More than four out of ten American millionaires say they do not feel rich. Indeed many would need to have at least $7.5 million in order to feel they were truly rich, according to a Fidelity Investments survey.

Some 42 percent of the more than 1,000 millionaires surveyed by Fidelity said they did not feel wealthy. Respondents had at least $1 million in investable assets, excluding any real estate or retirement accounts.

"Every person in the survey is wealthy," said Sanjiv Mirchandani, president of National Financial, a unit of Fidelity. "But they are still worried about outliving their assets."

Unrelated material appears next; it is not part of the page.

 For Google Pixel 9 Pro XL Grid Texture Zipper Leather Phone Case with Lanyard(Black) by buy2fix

The average age of respondents was 56 years old with a mean of $3.5 million of investable assets. The threshold for "rich" rose with age.

"They compare themselves to their peer group ... and they are also thinking about the long period they will have in retirement and want more assets" to fund their lifestyle, said Michael Durbin, president of Fidelity Institutional Wealth Services.

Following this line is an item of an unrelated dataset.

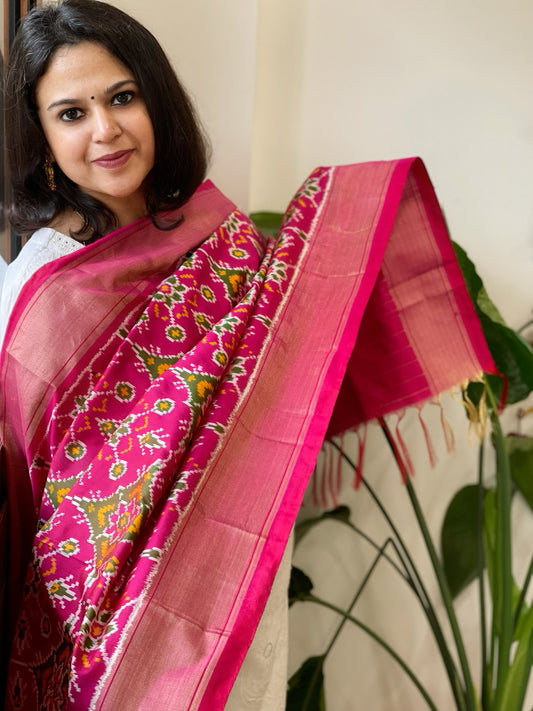 Pink Handwoven Ikat Dupatta in Pure Silk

Still, millionaires are slightly more optimistic now than they were in 2009, when 46 percent did not feel wealthy.

Respondents were also more optimistic about the U.S. economy. While they thought the current U.S. economy remained very weak, they think it will improve by the end of this year.

Fidelity noted the wealthiest 5 percent of Americans hold more than 55 percent of the nation's wealth.

Sometimes it astounds me to see things like this, but then I remember the tax break debacle and it seems par for course. So what do you guys think, is a million not enough?

Maybe we should cut their taxes more, they seem to need it.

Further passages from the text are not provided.